The plot of the movie hinges around two cousins. The first, T’Challa, recently became King of Wakanda following the death of his father; the second, Killmonger, has lived in exile in Oakland, California, as a fatherless black male, the death of his father coming at the hands of T’Challa’s father in a case of black-on-black and brother-on-brother crime. T’Challa’s father murdered Killmonger’s father because the latter smuggled elements of Wakanda’s unique natural resource onto the black market in a bid to help African-Americans fight their white oppressors. When he departs for Wakanda, T’Challa’s father leaves the now-orphaned Killmonger behind.

Killmonger grows up to become a very angry man who glorifies in violence and death, and he directs that anger at T’Challa.

But Killmonger’s anger manifests in more than just a desire to destroy T’Challa and capture the throne of Wakanda. He wants to use the power behind that throne to support his fellow Africans in the ongoing race war…you know, the one that has been raging on in the real world for over 399 years.

T’Challa, for his part, is dead set against that. He’s a hero, and heroes don’t seek out wars (they might engage in them, but they don’t seek them out). Instead of joining the race war, T’Challa opts to provide financial and technical support to African-American youth (how great is it that an African country is forced to send foreign aid to America in order to support American schoolchildren?).

It’s easy to get caught up in the race-war aspects of the plot, the whole black power against white power thing, but doing so misses the film’s challenge to black power itself.

Power is defined as the ability to enact change. A rock is powerful. The ocean is more powerful. The imagination is even more powerful still.

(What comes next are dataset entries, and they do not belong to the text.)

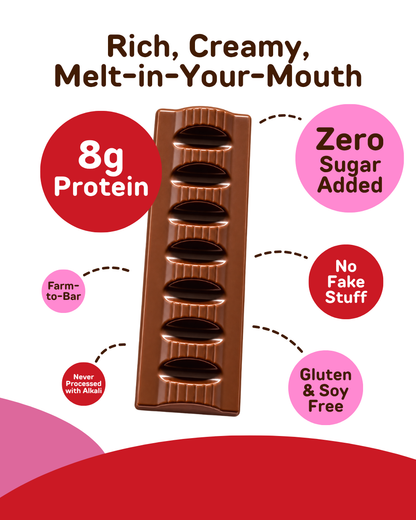 Creamy Pure Chocolate Bars, Zero Sugar added, +High Protein (16g*), High Pre-Biotics Fibre, VARIETY (x4 Milk, x4 Dark, x2 Mint) *Best Seller* (10x34g)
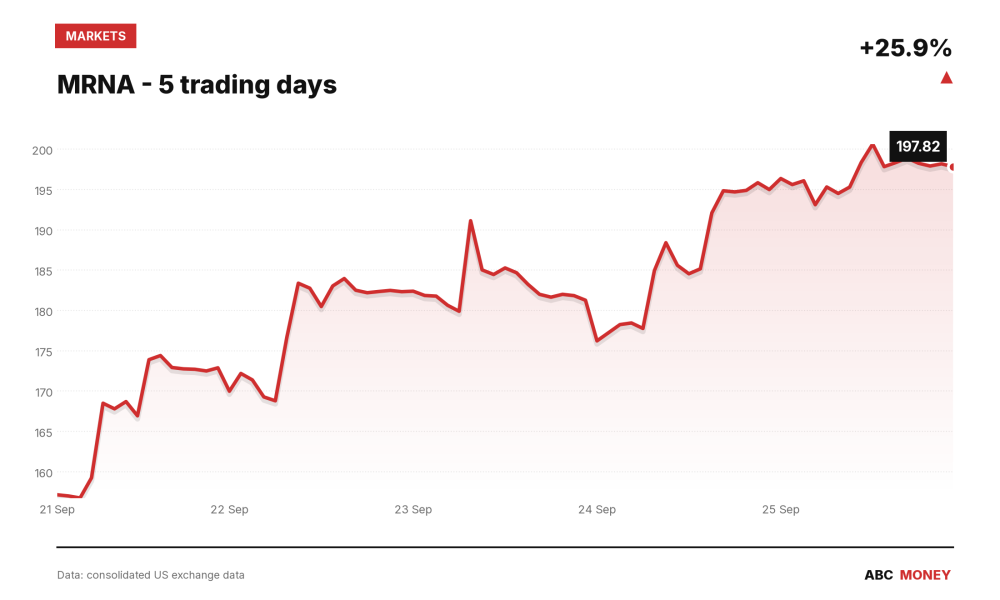 MRNA price over the last five trading days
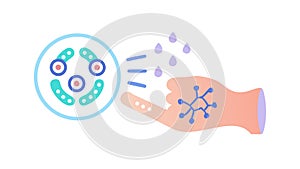 Hygiene Hand Bacteria Vector Icon, vector design Generative AI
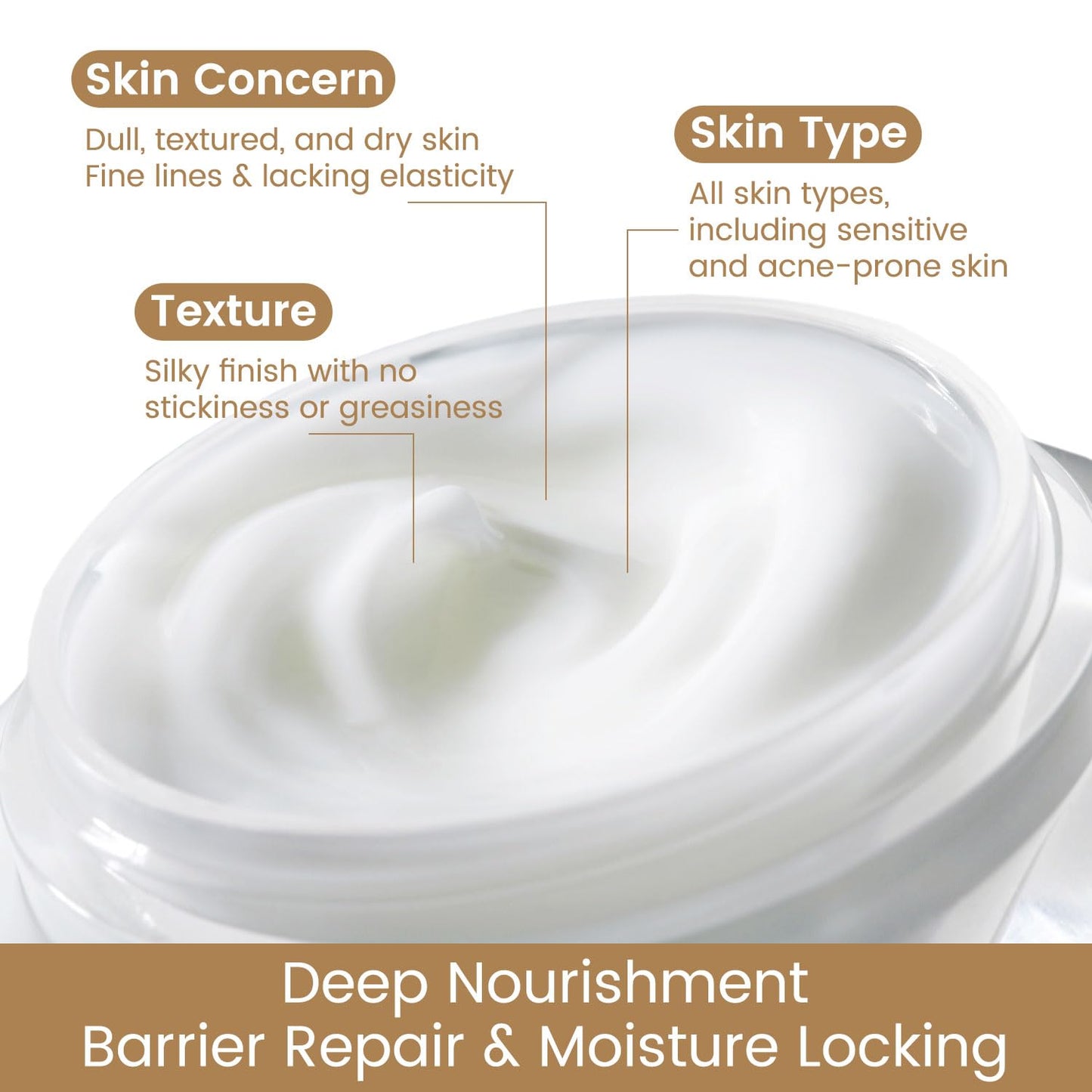 Multiple Peptide Collagen and Retinol Face Cream, Skin Barrier Repair Face Moisturizer with Jojoba Seed Oil, Reduces Wrinkles, Improves Firmness, Improves Skin Texture, Strengthens Barrier, 1.764oz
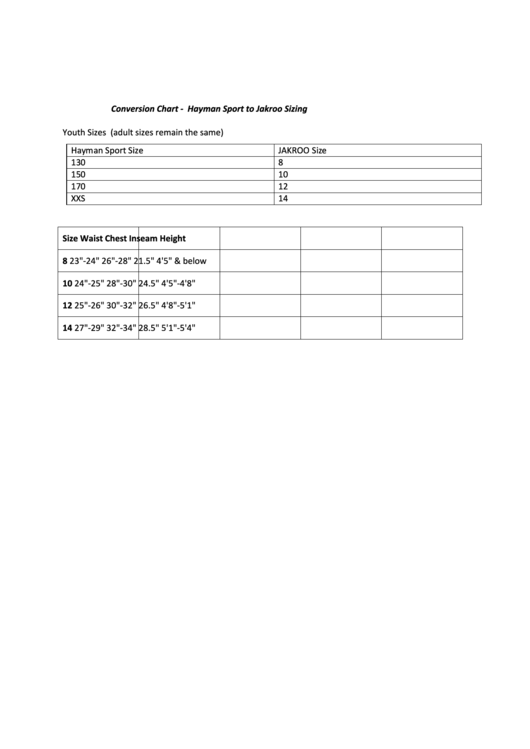 Conversion Chart Hayman Sport To Jakroo Sizing - Telemark Biathlon - Genesis Framework Printable pdf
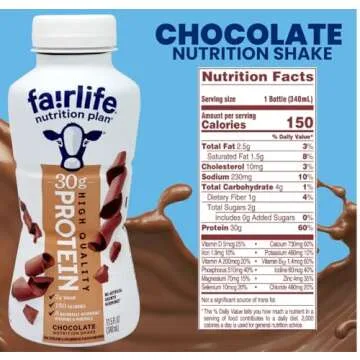 Fair life Protein Shakes Variety Pack, Meal Replacement Shake - Includes 4 Fair life Chocolate Protein Shakes, 4 Vanilla & 4 Core Power Strawberry - 12 Total Shakes Includes Niro Neoprene Sleeve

Black Panther asks black power: where should you concentrate your power? how should you use it to enact change? And the film answers, “On building your community.”

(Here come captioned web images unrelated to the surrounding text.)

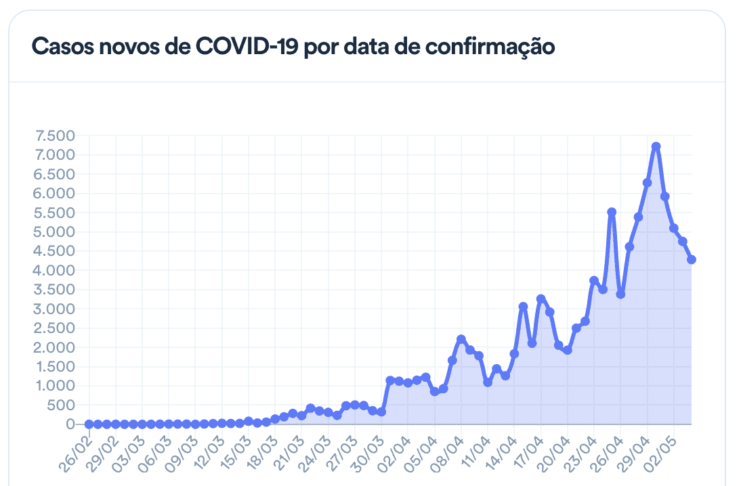 Novos-casos-diarios-coronavirus-Ministerio-da-Saude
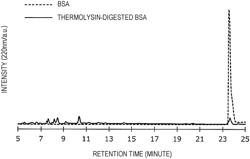 METHOD FOR ANALYZING PROTEIN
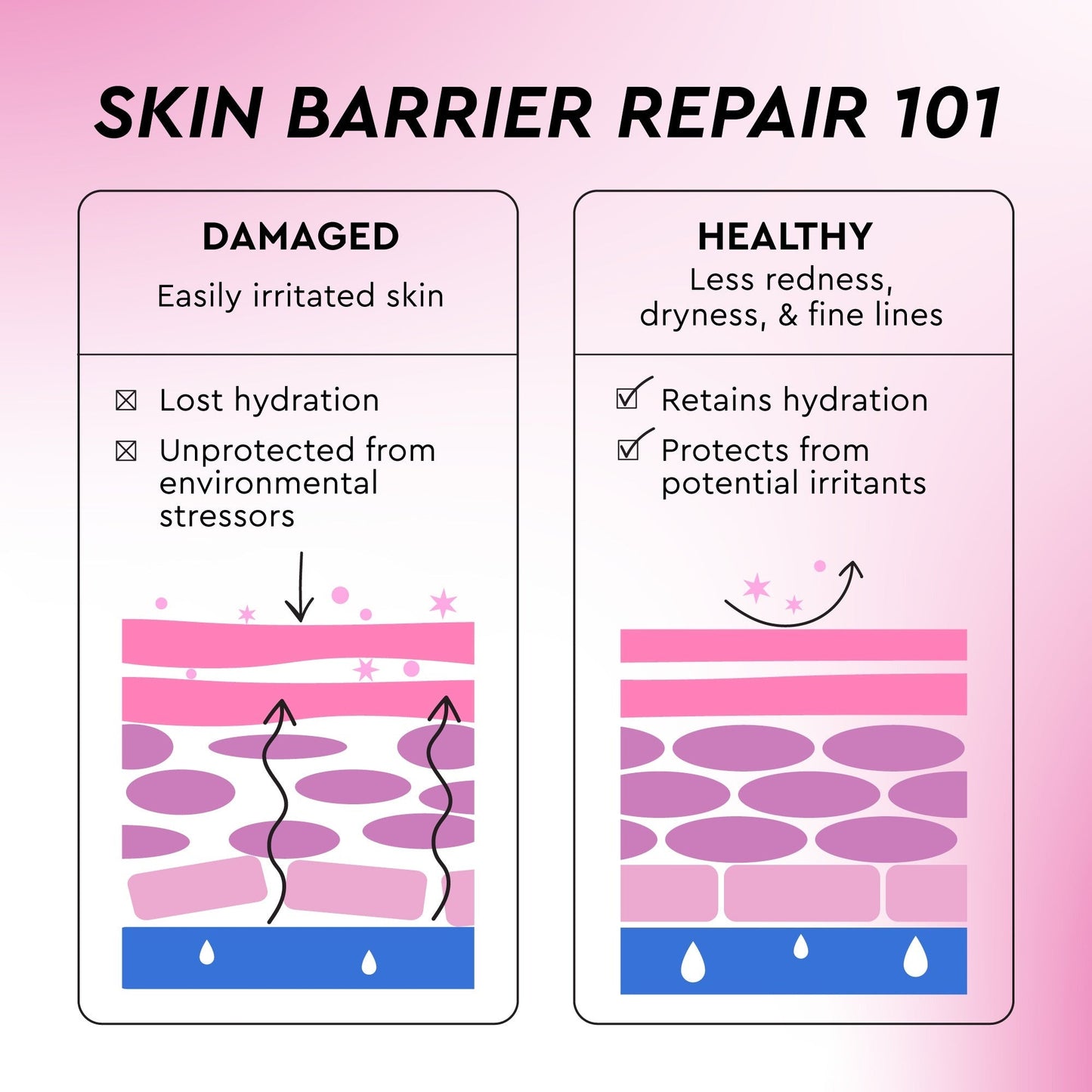 Prickly Pear Peptide Mucin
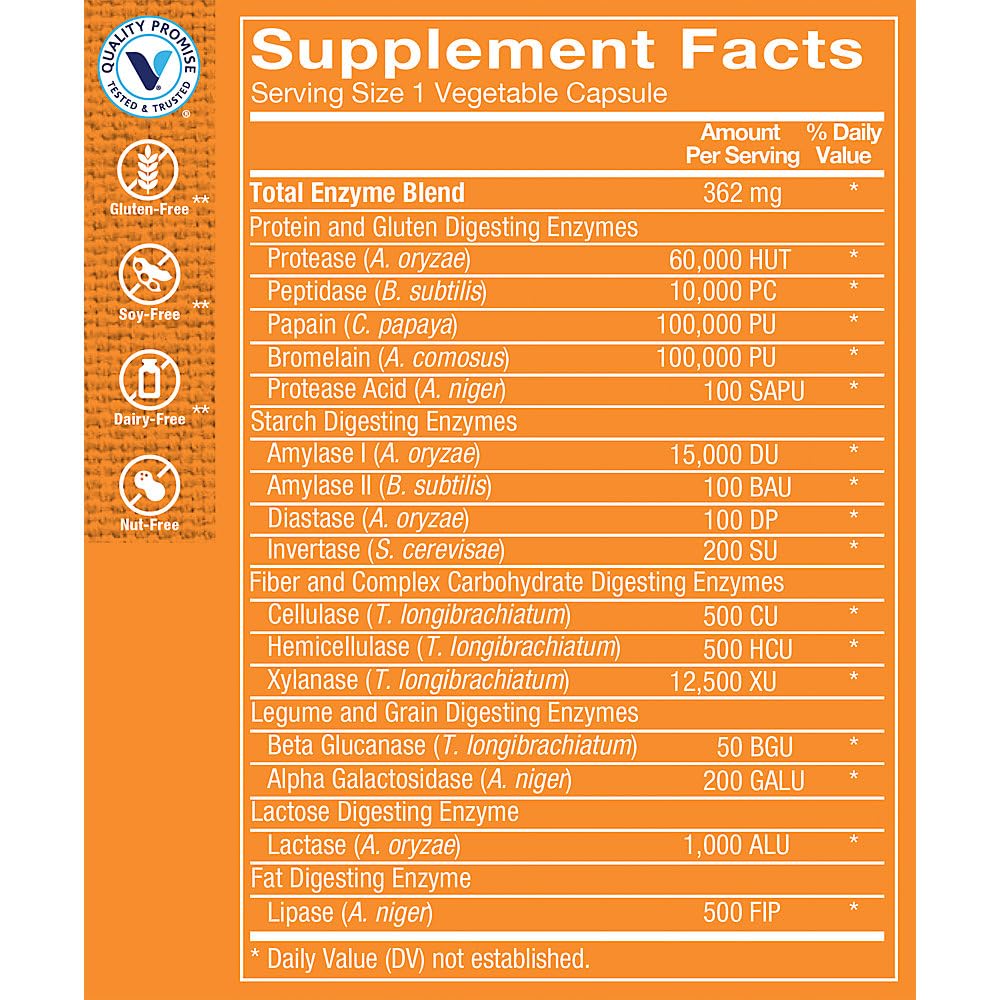 the-vitamin-shoppe-digestive-enzymes-com-3.jpg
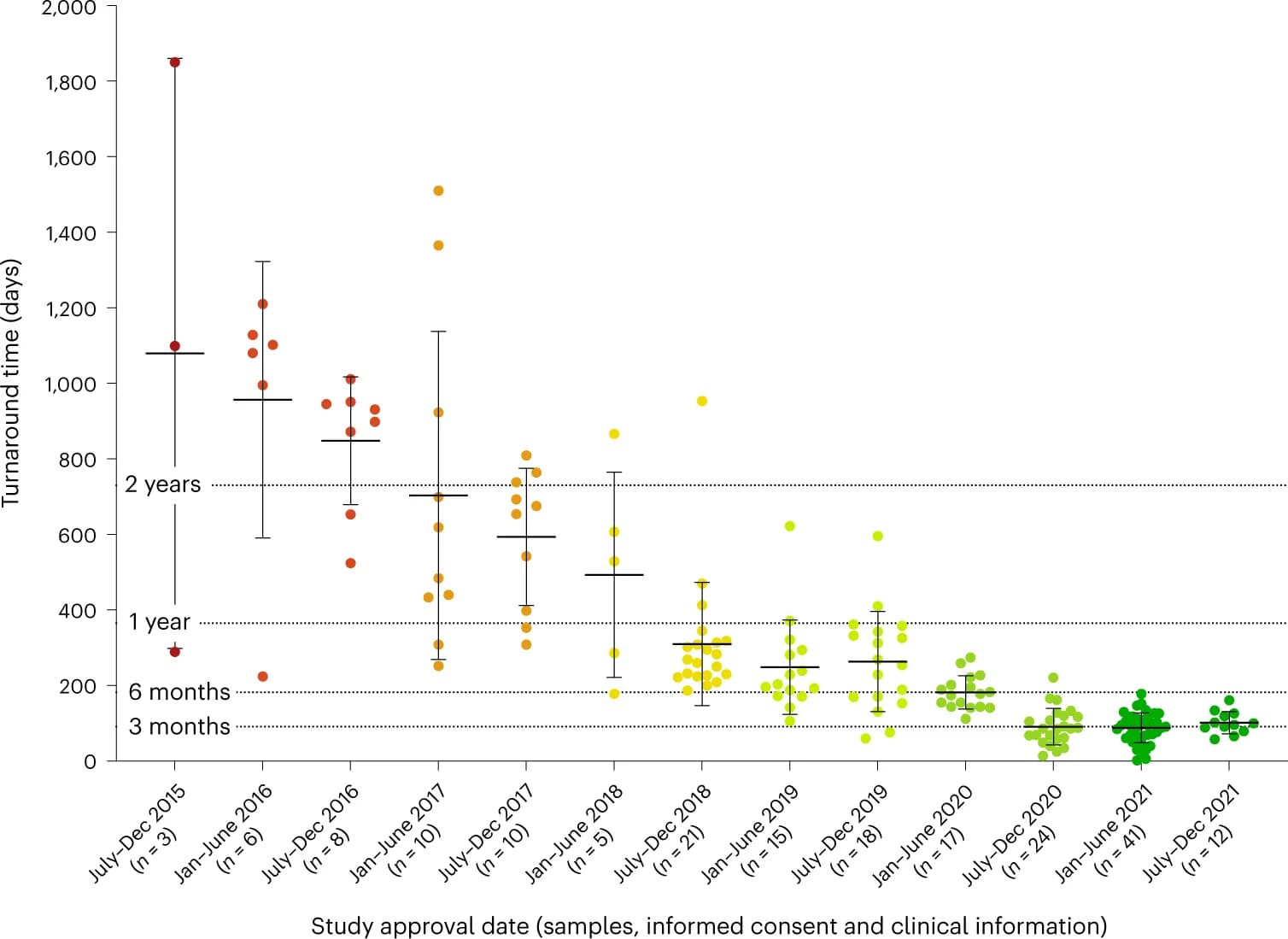 Open access visualization of Scatter Plot, Error Bars, Turnaround Time, Perinatal Death, Genomic Investigation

Killmonger, who grew up in the United States, wants to direct black power against white power, but Wakanda, through T’Challa and the women who influence him, wants to channel black power back into the black community. Because Wakanda has never faced a real external threat, it has been able to focus all of its power on internal growth. It did not seek to grow in numbers; it sought growth in culture. Using its vast network of intelligence officers, Wakanda was able to stay informed about the development of the outside world, capturing what was important and adapting it for internal use (as a monarchic system controlled by, literally, the nation’s strongest man, Wakanda’s power structure, apparently, did not think democracy would be useful).

Safe from external threats, Wakandians seem to live in a land of true privilege. And at the end of Black Panther, they realize that their privilege morally obligates them to help the global community.

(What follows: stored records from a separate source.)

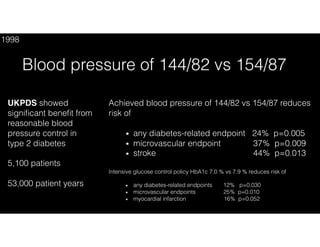 UKPDS showed
signiﬁcant beneﬁt from
reasonable blood
pressure control in
type 2 diabetes
5,100 patients
53,000 patient years
Blood pressure of 144/82 vs 154/87
1998
Achieved blood pressure of 144/82 vs 154/87 reduces
risk of
any diabetes-related endpoint 24% p=0.005
microvascular endpoint 37% p=0.009
stroke 44% p=0.013
Intensive glucose control policy HbA1c 7.0 % vs 7.9 % reduces risk of
any diabetes-related endpoints 12% p=0.030
microvascular endpoints 25% p=0.010
myocardial infarction 16% p=0.052
 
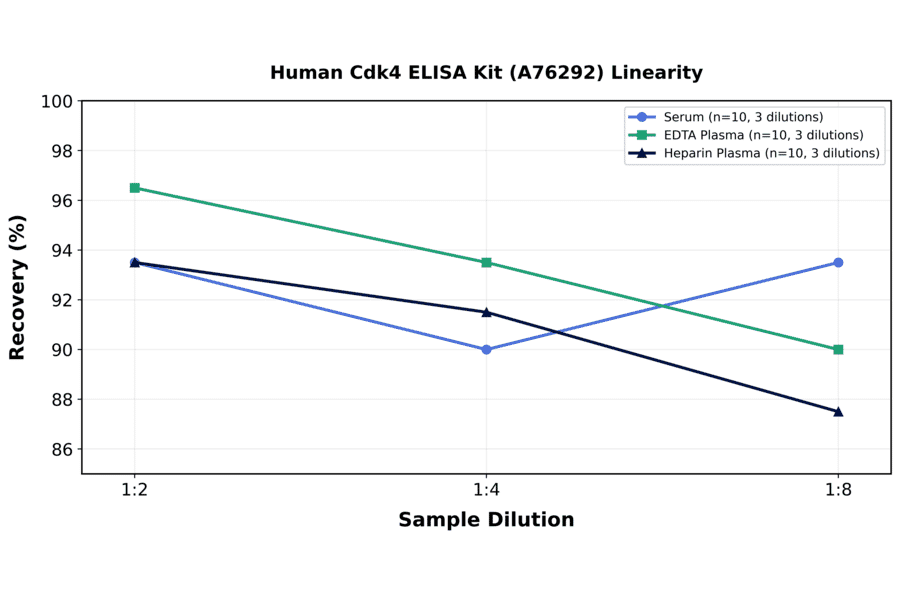 Linearity - Human Cdk4 ELISA Kit (A76292) - Antibodies.com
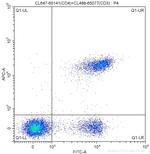 CD4 Antibody in Flow Cytometry (Flow)
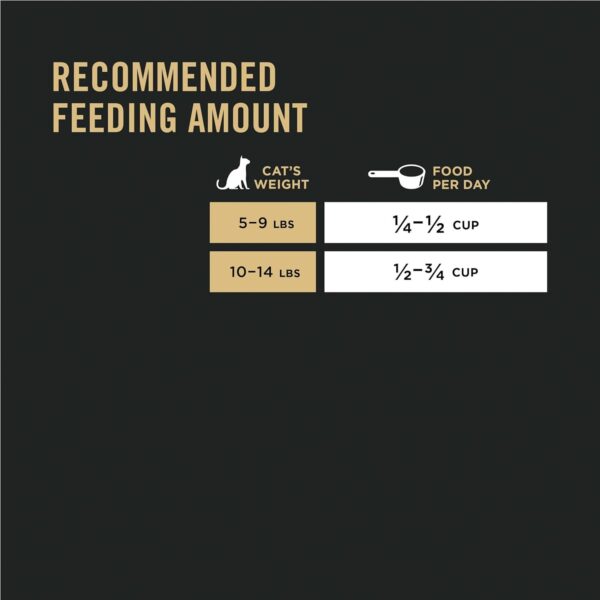 Purina Pro Plan Allergen Reducing, High Protein Cat Food, LIVECLEAR Chicken - Image 2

It’s true what you’ve heard: Black Panther challenges the existing power structure. But perhaps it’s more true that it challenges existing structures of black power.

It challenges black millionaires and billionaires to invest in their communities. It asks the Oprahs and the Beyonces, but it also asks the Aliko Dangotes and the Isabel Dos Santoses: are you doing enough to help black communities? Are you building schools, hospitals, and tech centers? Are you educating doctors, engineers, and scientists? Are you supporting poets, painters, and musicians? Are you creating solutions for childcare, hunger, and addiction? Are you channeling other entrepreneurial spirits to re-invest in communities? Are you growing the ranks of carpenters, plumbers, and electricians? Do you fund the research and development of inventors? Are you doing enough?

The internal structure of Black Panther has nothing to do with, and nothing to say to, white power. What makes it so incredible is that, for the first time in a long time, the black community is talking to itself on the same economic scale as the white community usually uses to talk to itself.

It’s a black film made for a black audience, and with its blockbuster status, its asks itself, “How are you going to use your newfound power? Are you going to fight or are you going to help?”